Es kommt jedenfalls für die Beurteilung der Frage, ob ein unter das HBeG subsumierbares Betreuungsverhältnis vorliegt, nicht auf die Bezeichnung des zu Grunde liegenden Vertragsverhältnisses als Betreuungs- oder Assistenzvertrag an. Vielmehr kommt es auf das Ergebnis der inhaltlichen Prüfung des Betreuungsverhältnisses an.
Es kann daher die Frage, ob Assistenznehmerinnen – also Menschen mit Behinderungen - die persönliche Assistenz als Betreuungsform wählen, grundsätzlich von den Regelungen des Hausbetreuungsgesetzes betroffen sind, in dieser Allgemeinheit nicht abschließend beantwortet werden, sondern es ist eine Beurteilung im Einzelfall nach Maßgabe der konkreten vertraglichen Vereinbarung unter Berücksichtigung der gesetzlichen Voraussetzungen des § 1 HBeG vorzunehmen.
Frage 2:
Hierzu wird festgehalten, dass nach § 21b Abs. 2 Z 1 Bundespflegegeldgesetz (BPGG) nur dann eine Zuwendung zum Zweck der 24-Stunden-Betreuung in privaten Haushalten gewährt werden kann, wenn die Voraussetzungen des § 21b Abs. 2 BPGG erfüllt sind, wozu insbesondere das Vorliegen einer Betreuung nach § 1 Abs. 1 des Hausbetreuungsgesetzes, die Feststellung des Bedarfes einer 24-Stunden-Betreuung sowie ein Anspruch auf Pflegegeld zumindest in Höhe der Stufe 3 nach dem Bundes- oder einem Landespflegegeldgesetz gehören. Ob die Voraussetzungen für die Gewährung eines Zuschusses nach § 21b BPGG vorliegen, ist im Rahmen des Ansuchens auf den Zuschuss durch die Abgabe der in den Förderrichtlinien zu § 21b BPGG normierten entsprechenden Erklärungen, Bestätigungen bzw. die Erbringung der nötigen Nachweise zu ermitteln.
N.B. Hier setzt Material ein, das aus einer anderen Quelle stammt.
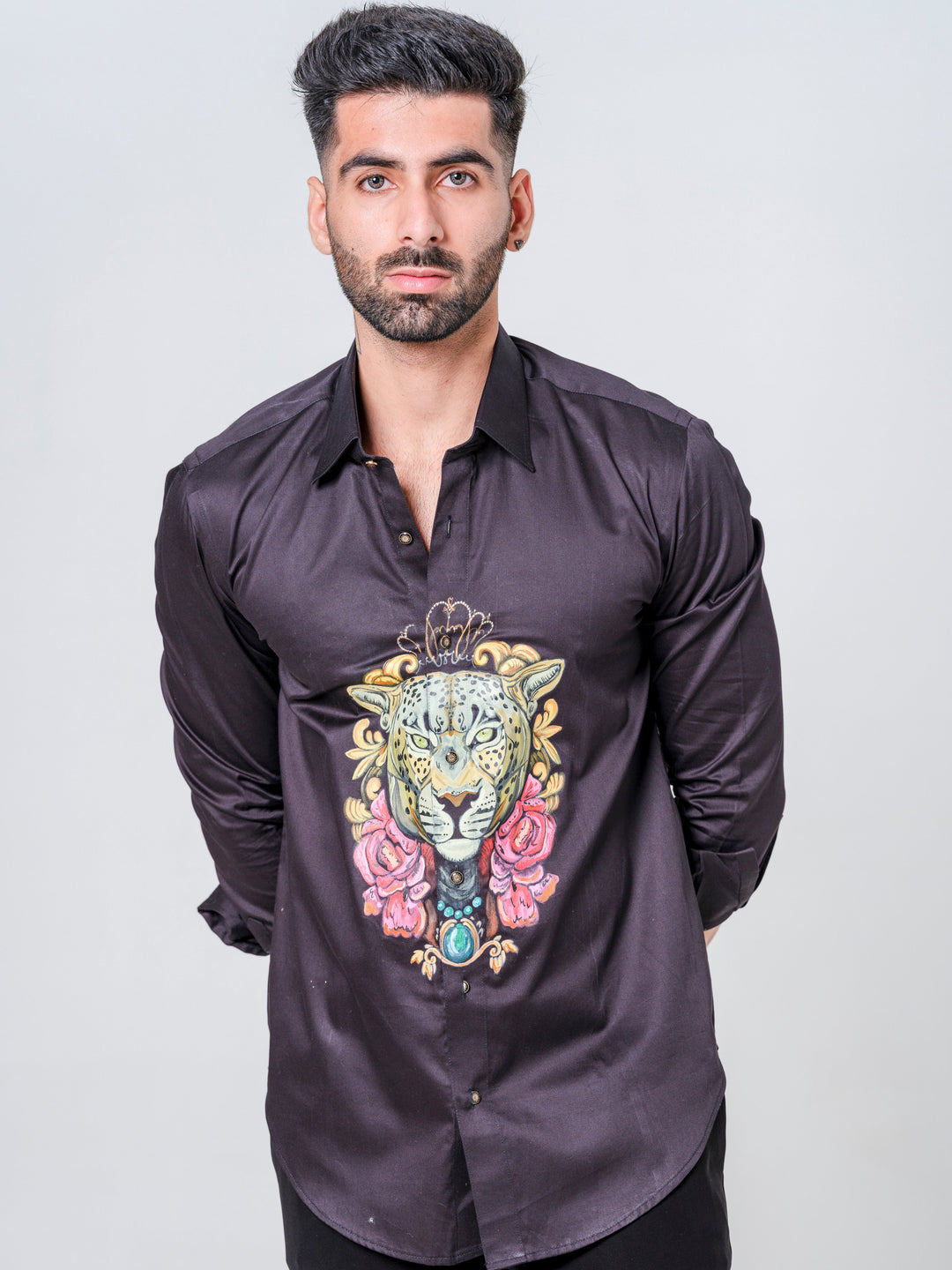 HAND PAINTED KING LION MOTIF SHIRT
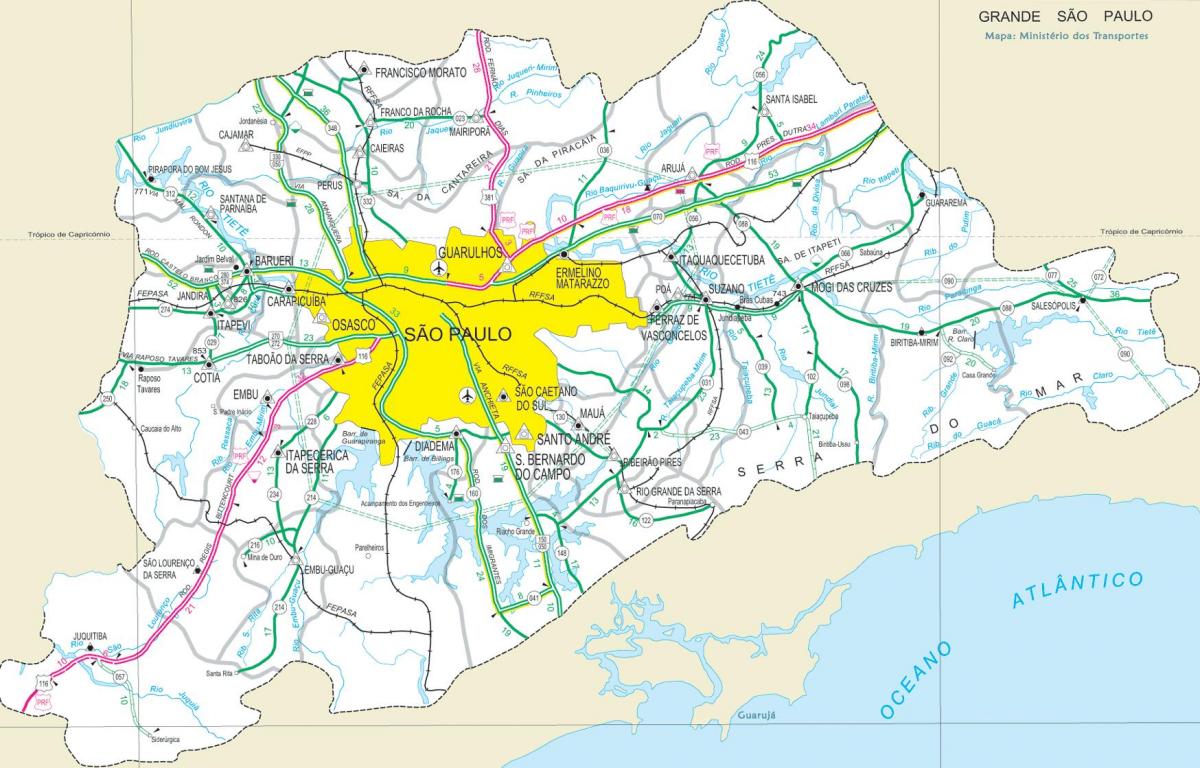 แผนที่ของ highways outskirts ของ São Paulo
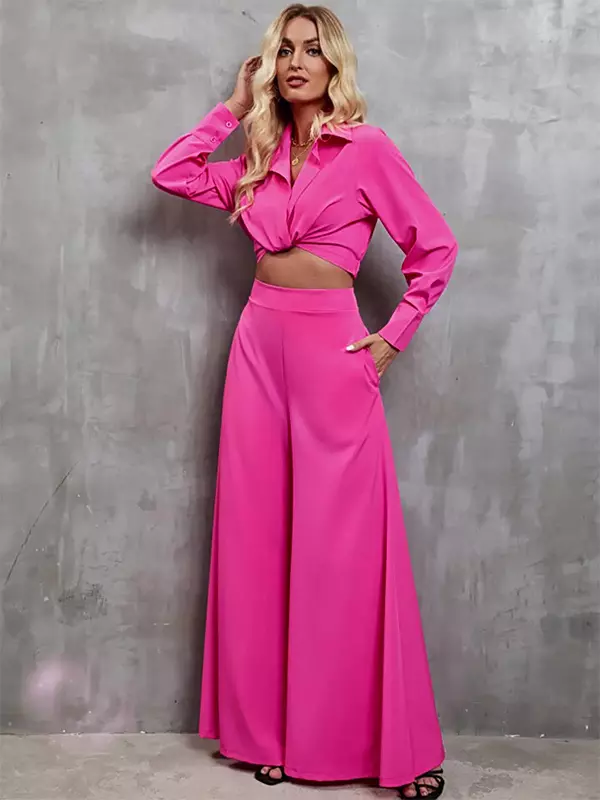 Casual Turndown Collar Long Sleeve Top And Wide-leg Pants Two-Piece Set - Image 2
In diesem Zusammenhang sei auch darauf hingewiesen, dass nach § 21b Abs. 2 Z 5 BPGG aus Gründen der Qualitätssicherung in der 24-Stunden-Betreuung ab 1. Juli 2008 auch auf das Vorliegen einer theoretischen Ausbildung der Betreuungskräfte, die im wesentlichen jener einer/eines Heimhelferin/Heimhelfers nach der Vereinbarung gemäß Art. 15a B-VG zwischen dem Bund und den Ländern über Sozialbetreuungsberufe, BGBl. I Nr. 55/2005, entspricht, abgestellt wird. D. h., dass hinsichtlich der Gewährung einer Förderung zur 24-Stunden-Betreuung das Anleiten und Ausbilden (Anlernen) der Betreuungskraft durch die betreuungsbedürftige Person selbst ab dem 1. Juli 2008 nicht mehr hinreichen wird.
Es kann sohin auch die Frage, ob Assistenznehmerinnen die Voraussetzungen für die Gewährung einer Förderung nach § 21b BPGG erfüllen, in dieser Allgemeinheit nicht abschließend beantwortet werden; werden jedoch die entsprechenden Erklärungen, Bestätigungen und Nachweise gemäß den Förderrichtlinien zu § 21b BPGG erbracht, so wäre die Förderung solcher Assistenz-/Betreuungsverhältnisse durchaus möglich. Es sei jedoch an dieser Stelle auch darauf hingewiesen, dass die primäre Kompetenz betreffend die Förderung persönlicher Assistenz bei den Ländern gelegen ist.
Frage 3:
Die Persönliche Assistenz bezieht sich nur auf die Betreuung am Arbeitsplatz und wird im Rahmen der Beschäftigungsoffensive der Bundesregierung gefördert. Eine darüber hinaus gehende Betreuung ist im Rahmen der gesetzlich geregelten 24-Stunden-Betreuung möglich.
Mit freundlichen Grüßen
Erwin Buchinger eh.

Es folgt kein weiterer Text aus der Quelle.